What is being asked:
Although the entries contain pictures, only their text goes into the copy, set down exactly.

[Records contained in a dataset]
::::

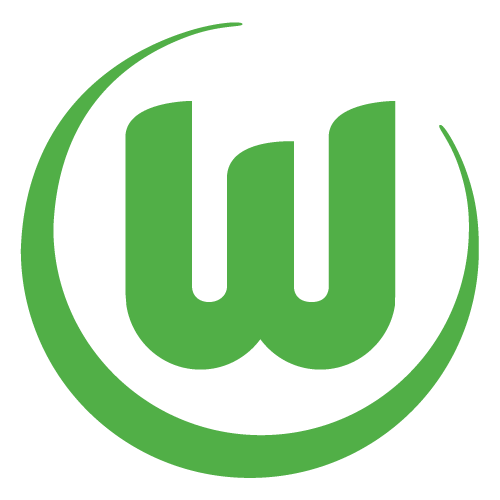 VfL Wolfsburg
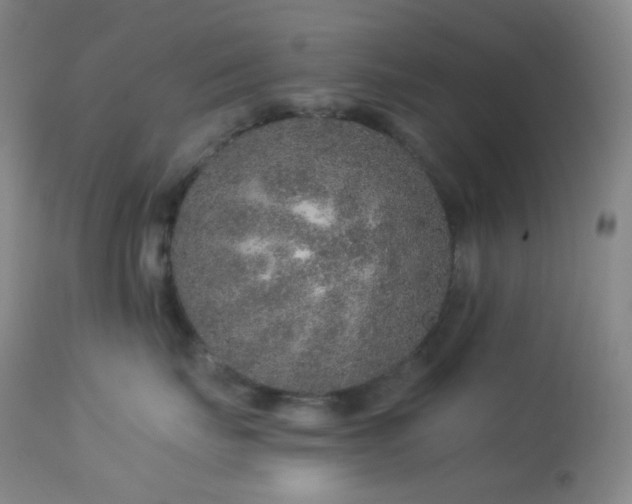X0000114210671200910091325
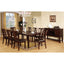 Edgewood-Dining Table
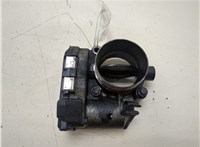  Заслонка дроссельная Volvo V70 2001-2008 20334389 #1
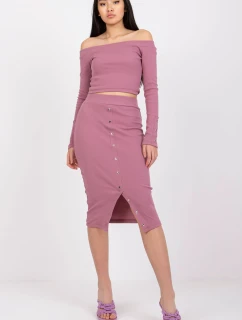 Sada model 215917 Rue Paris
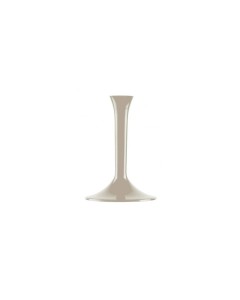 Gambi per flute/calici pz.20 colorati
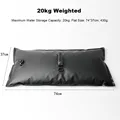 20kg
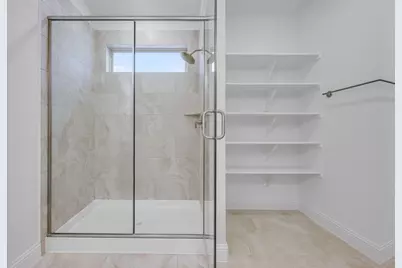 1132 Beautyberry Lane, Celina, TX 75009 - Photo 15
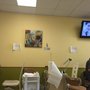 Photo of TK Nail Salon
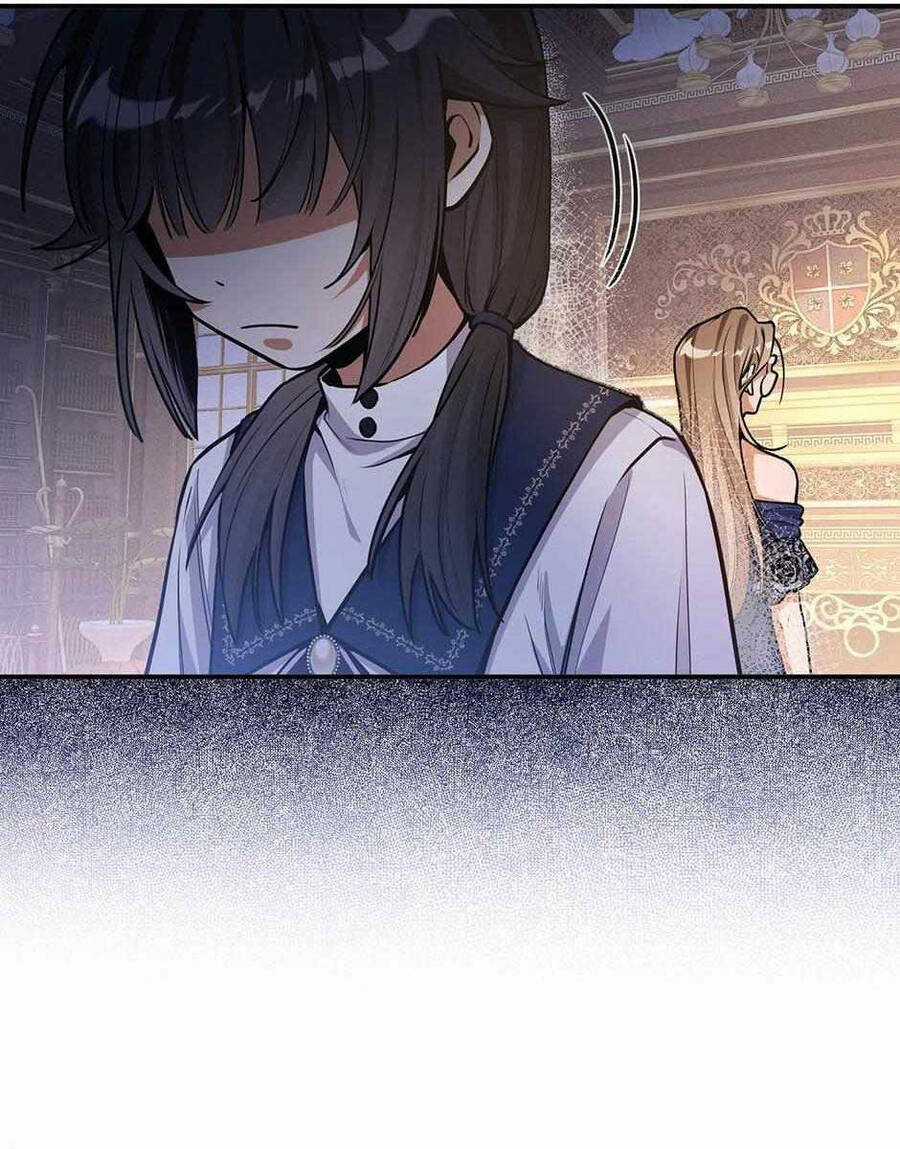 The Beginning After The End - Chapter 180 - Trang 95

::::

Answer section:
 VfL Wolfsburg
X0000114210671200910091325
 Edgewood-Dining Table
  Заслонка дроссельная Volvo V70 2001-2008 20334389 #1
 Sada model 215917 Rue Paris
 Gambi per flute/calici pz.20 colorati
 20kg
 1132 Beautyberry Lane, Celina, TX 75009 - Photo 15
 Photo of TK Nail Salon
 The Beginning After The End - Chapter 180 - Trang 95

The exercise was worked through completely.